Une recherche construite avec les communautés 

Au-delà des thèmes étudiés, la Chaire souhaite aussi transformer la manière de faire de la recherche. Plusieurs projets sont mis sur pied en partenariat avec des organismes communautaires comme AGIR Montréal, qui accompagne les personnes LGBTQ+ migrantes et réfugiées, ou Égides, une organisation de bienfaisance engagée dans la défense des droits des personnes LGBTQI+ à travers le monde francophone. 

Les organismes participent à la conception des projets, avant même les demandes de financement. Ils contribuent ensuite à la collecte de données, à l’analyse et à la mobilisation des connaissances. 

Cette approche collaborative fait partie d’une réflexion plus large sur l’éthique de la recherche. «Comment produire des connaissances sans adopter une logique “extractiviste”, où les communautés deviennent simplement des objets d’étude? Comment construire des projets réellement utiles pour les personnes concernées? Les approches féministes, queers et décoloniales occupent ici une place centrale», indique Ahmed Hamila. 

Briser les silos universitaires et favoriser l'internationalisation  

La création de cette chaire reflète une transformation interne à l’Université de Montréal. Au cours des dernières années, plusieurs professeures et professeurs dont les travaux portent sur les rapports sociaux de genre et de sexualité ont été recrutés par divers départements, contribuant à renfoncer ce champ d’études.  

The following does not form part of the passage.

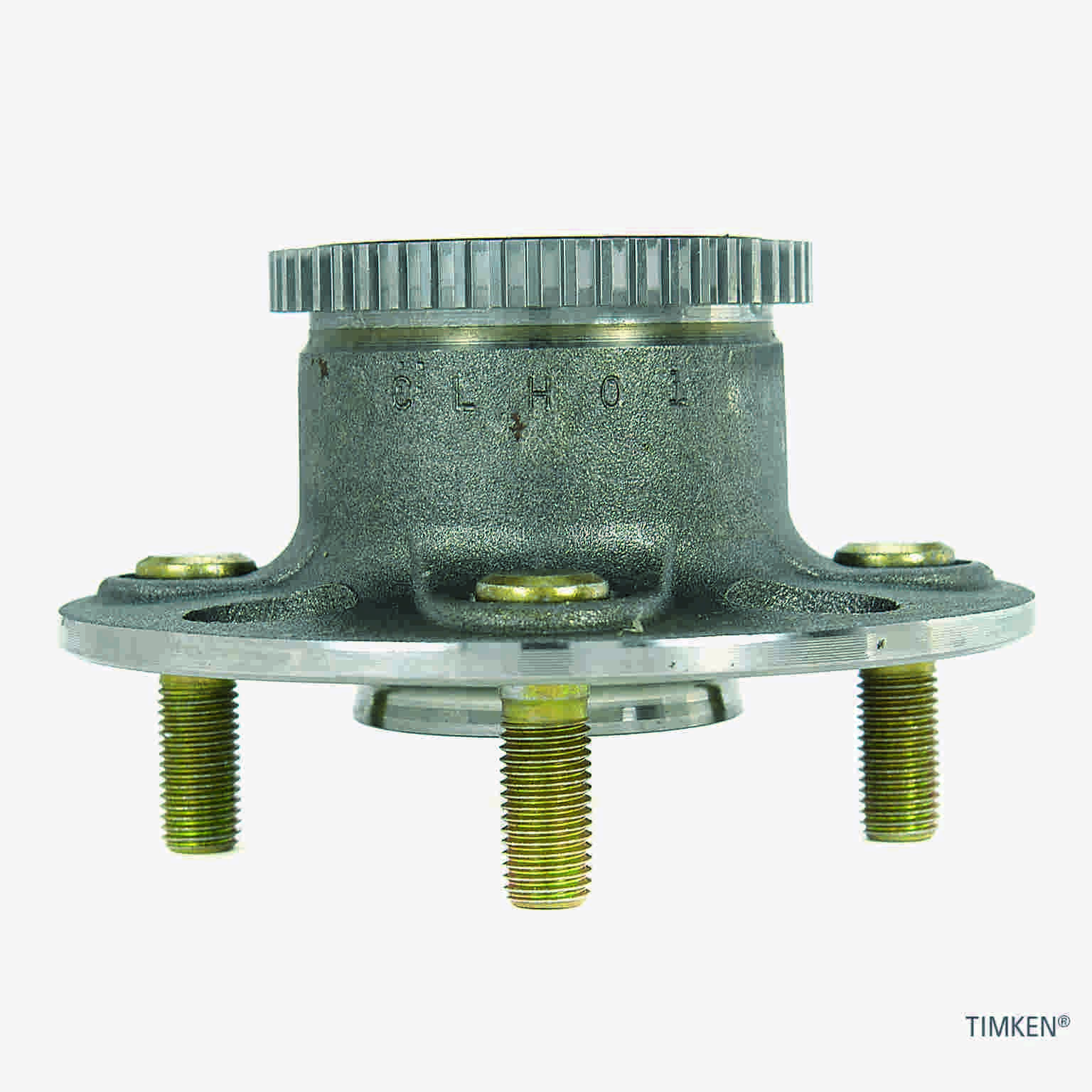 Side View of Rear Wheel Bearing and Hub Assembly TIMKEN 512175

Cette dynamique s’est aussi traduite par l'offre de nouvelles formations, dont une mineure et un diplôme d’études supérieures spécialisées en études féministes, genres et sexualités, qui témoignent de l’intérêt grandissant pour ces questions dans la communauté universitaire. La Chaire s’inscrit dans cet élan institutionnel et vise à solidifier les liens entre les personnes qui travaillent sur ces thèmes en créant un espace commun qui favorise les échanges, les collaborations et l’élaboration de projets interdisciplinaires. 

L’internationalisation est également au cœur de la mission de la Chaire. Celle-ci est déjà engagée dans plusieurs initiatives lancées à l’étranger, dont l’école d’été Genres, sexualités, santé et migrations, pensée avec Aix-Marseille Université, ainsi que le projet du G3 de la Francophonie Études LGBTQI+ en Francophonie: recherches, formation et mise en réseau, qui rassemble l’Université de Montréal, l’Université libre de Bruxelles et l’Université de Genève.  

Pour Ahmed Hamila, ces initiatives contribuent à renforcer les collaborations internationales, la formation de la relève et le rayonnement des recherches sur les genres et les sexualités tout en offrant «une façon d’ancrer rapidement la Chaire dans des réseaux de collaboration déjà actifs à travers la francophonie».